Quello che ci insegna Aldo Moro, con il suo rapimento ed il suo assassinio. Ancora oggi a quarant'anni di distanza. Nonostante quello di oggi sia un Paese del tutto diverso

Quaranta anni fa il rapimento di Aldo Moro e il massacro dei cinque agenti della scorta. I successivi cinquantacinque giorni cambiarono per sempre il corso della storia repubblicana. Perché la “non sfiducia” dell’allora Partito Comunista di Enrico Berlinguer al Governo Andreotti fu cosa molto diversa dal compromesso storico.

Dc e Pci fecero blocco unendo le loro percentuali da 38% e 34%, creando un muro invalicabile a ogni tipo di tentazione autoritaria o sbrigativa. La fermezza del Pci al no alla trattativa con le Brigate Rosse fu addirittura superiore a quella della Democrazia Cristiana.

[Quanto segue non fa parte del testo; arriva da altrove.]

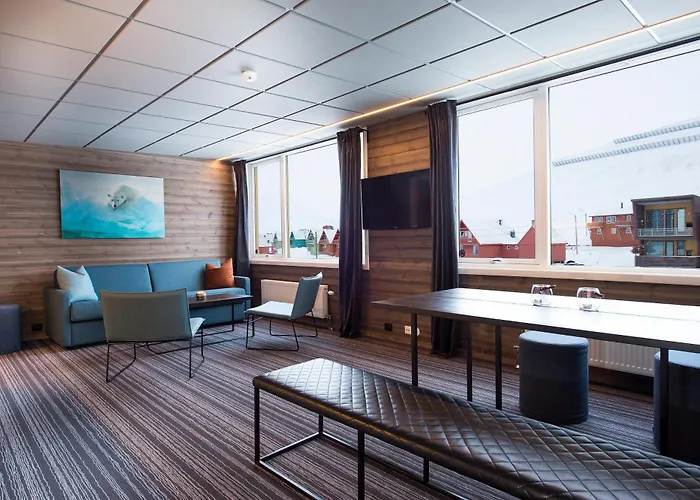 Lägenhet Svalbard |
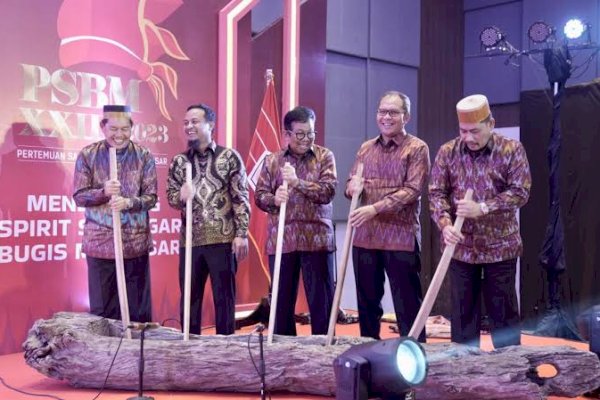 Mashur Bin Mohammad Alias Sebut Wali Kota Danny Pomanto Beri Dukungan dan Kontribusi Suksesnya PSBM XXIII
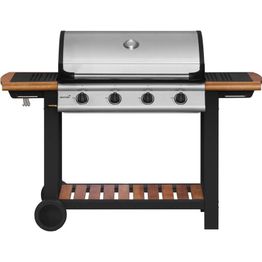 Kaasugrilli Mustang Greenville 4 poltinta rst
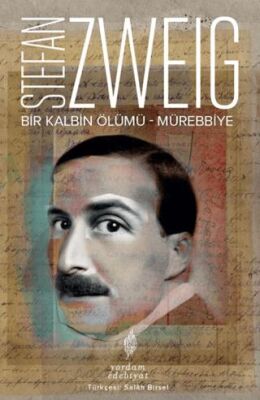 Bir Kalbin Ölümü - Mürebbiye kapağı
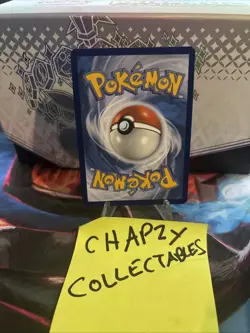 Pokemon TCG Flapple Illustration Rare Card Surging Sparks Series 210/191 - Image 2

La sofferenza umana e personale di uomini come Francesco Cossiga (capelli bianchi dalla sera alla mattina) e Benigno Zaccagnini fu visibile a tutti gli italiani, a loro volta sotto choc. Ma il Paese nonostante tutto reagì, grazie anche alle manifestazioni di piazza organizzate in modo unitario dai sindacati. Allora Cgil, Cisl e Uil rappresentavano davvero parti importanti e reali del Paese. Il discorso di Luciano Lama per il no alla trattativa fu memorabile.

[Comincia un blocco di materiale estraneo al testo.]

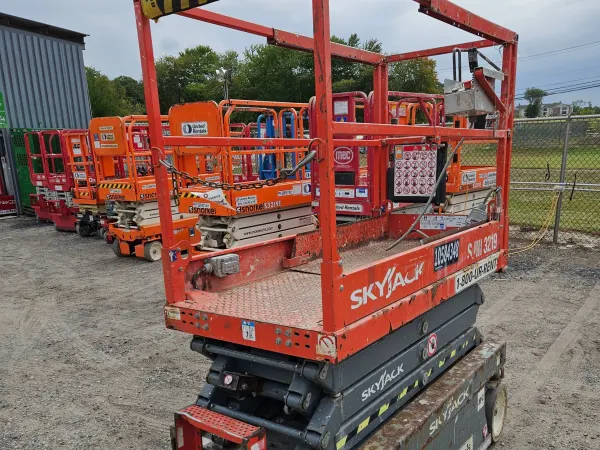 2017 Skyjack SJIII3219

Era un’altra Italia, piena di scandali e segreti inconfessabili. L’Italia delle stragi e del terrorismo. Ma anche l’Italia del senso dello Stato. La presa di posizione dell’allora presidente della Camera Pietro Ingrao è una delle pagine più belle sulla dignità istituzionale di una Nazione.

A quaranta anni di distanza non tutto è stato ancora chiarito del rapimento e dell’uccisione di Aldo Moro, uno dei politici più intelligenti di sempre, quello che prima di tutti aveva intuito che una forza come il Pci non poteva essere tenuta fuori dal Governo del Paese. Il più grande Partito Comunista dell’Occidente contava tra il 33 e il 34%, rappresentava strati popolari ma anche borghesi della popolazione, aveva una classe dirigente di primo livello e lo strappo di Berlinguer a Mosca (al cospetto di un certo Leonid Breznev) aveva messo in crisi le certezze dell’Urss.

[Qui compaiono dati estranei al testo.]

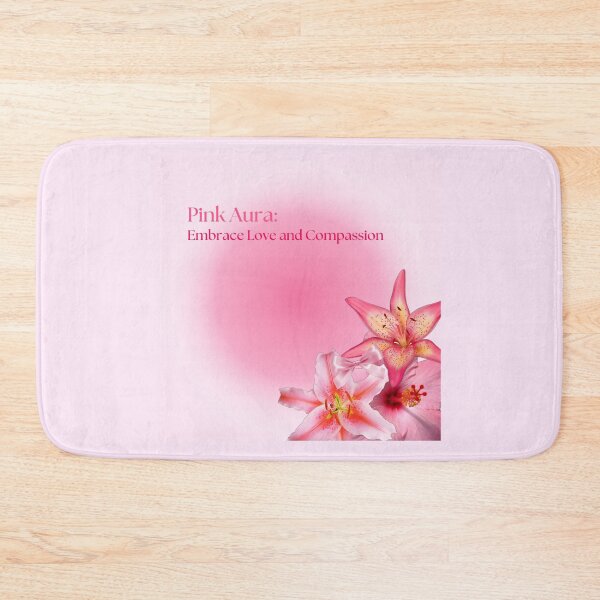 Item preview, PINK AURA FLORAL  designed and sold by TropicalSummer.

Eppure il Pci continuò ad essere tenuto fuori dal governo nazionale. Non per questo però fece mancare il sostegno esterno ad esecutivi democristiani in momenti terribili e decisivi.

La parola giusta è senso delle istituzioni. Della Dc, del Pci, ma anche del Psi, del Psdi, del Pli, del Pri.

Oggi è un’Italia completamente diversa, con una classe dirigente politica lontana anni luce da quella di allora. L’emergenza non si chiama più terrorismo interno. Le tematiche da affrontare sono quelle della crisi economica, dell’immigrazione, della sicurezza, di un debito pubblico insostenibile.

Eppure nessuno pensa al senso delle istituzioni.

Dopo le elezioni del 4 marzo si è ancora in campagna elettorale, con Cinque Stelle e Lega che non riescono a comprendere che sono arrivati primi (rispettivamente nel Paese e nel centrodestra) ma non hanno vinto. Mentre Matteo Renzi si tira fuori e Silvio Berlusconi continua come se fossimo ancora nel 1994.

Toccherà al presidente della Repubblica Sergio Mattarella provare a far capire a tutti che il sistema politico italiano è parlamentare, che una legge proporzionale impone degli accordi e tutto il resto.

La lezione di Aldo Moro potrebbe essere fondamentale. A patto che la si voglia leggere davvero.